Process continuous voice input with callback for each command

Args:
callback_func: Function to call with each processed command
max_duration: Maximum duration to listen (None for indefinite)
"""
# This would implement continuous listening and processing
# For now, we'll document the approach
pass

Usage Example

# Initialize the Whisper integration module
vla_module = WhisperIntegrationModule(whisper_model="base")

# Process a voice command from microphone
result = vla_module.process_voice_command(duration=5.0)

if result["success"]:
command = result["command"]
print(f"Command: {command['action']}")
print(f"Parameters: {command['parameters']}")
print(f"Confidence: {result['transcription_result']['confidence']}")
else:
print(f"Error: {result['error']}")

# Process a voice command from an audio file
result = vla_module.process_voice_command(audio_input="path/to/audio/file.wav")

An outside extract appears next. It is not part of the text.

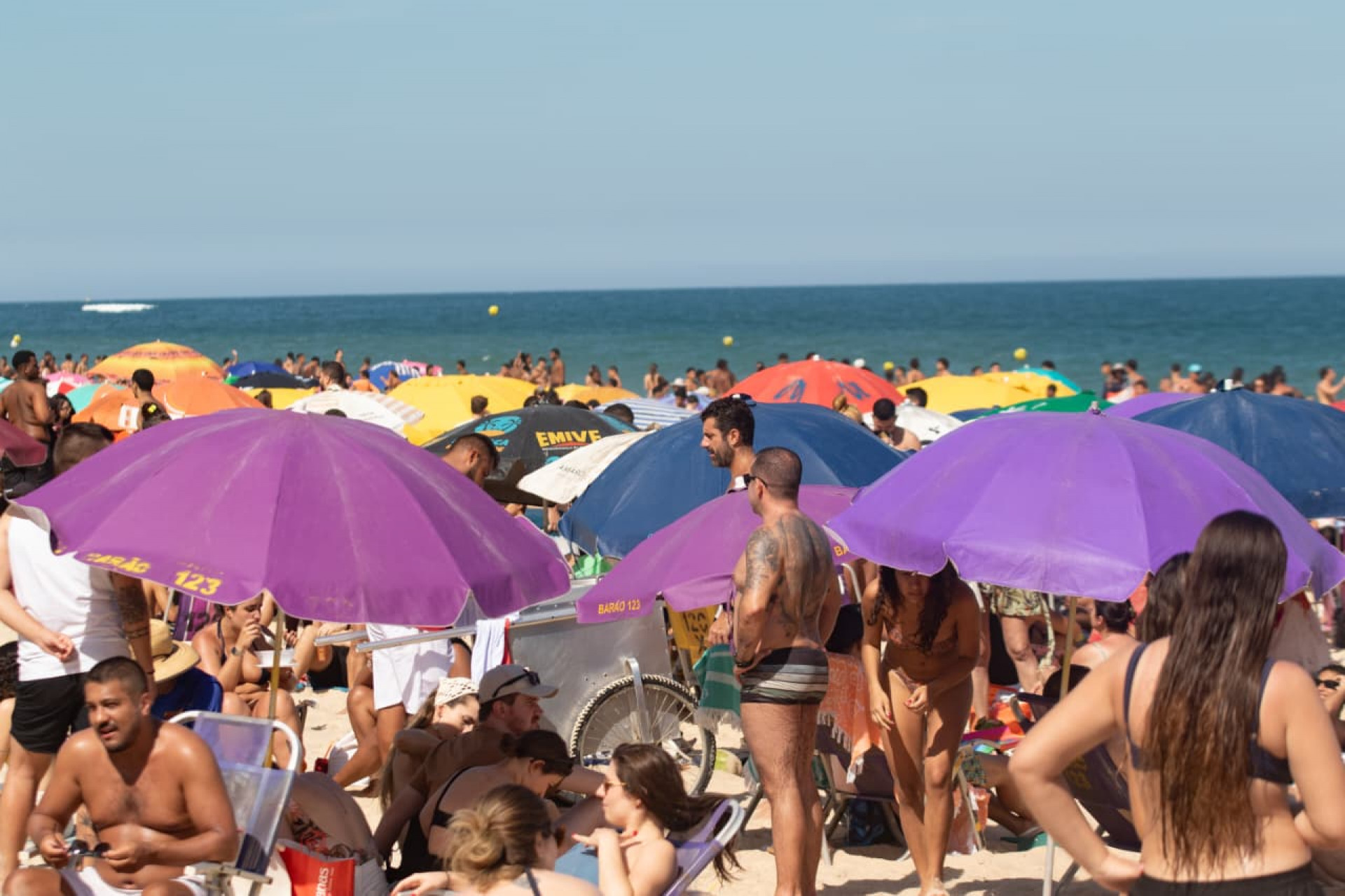Cariocas aproveitam verânico na Praia de Ipanema - Érica Martins/Agência O DIA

# The extracted command can then be passed to the LLM planning module

Error Handling and Quality Considerations

Audio Quality Management

The module includes several mechanisms to handle poor audio quality:

  1. Confidence Scoring: Whisper provides confidence metrics that are used to validate transcriptions
  2. Timeout Handling: Processing timeouts prevent hanging on difficult audio
  3. Error Recovery: Graceful degradation when transcription fails

Command Validation

Commands are validated before being passed to the planning system:

  1. Syntax Validation: Ensures commands match expected patterns
  2. Parameter Validation: Checks that required parameters are present
  3. Safety Validation: Prevents commands that exceed safety limits

This Whisper integration module provides a robust foundation for converting voice commands to actionable robot commands in the VLA pipeline.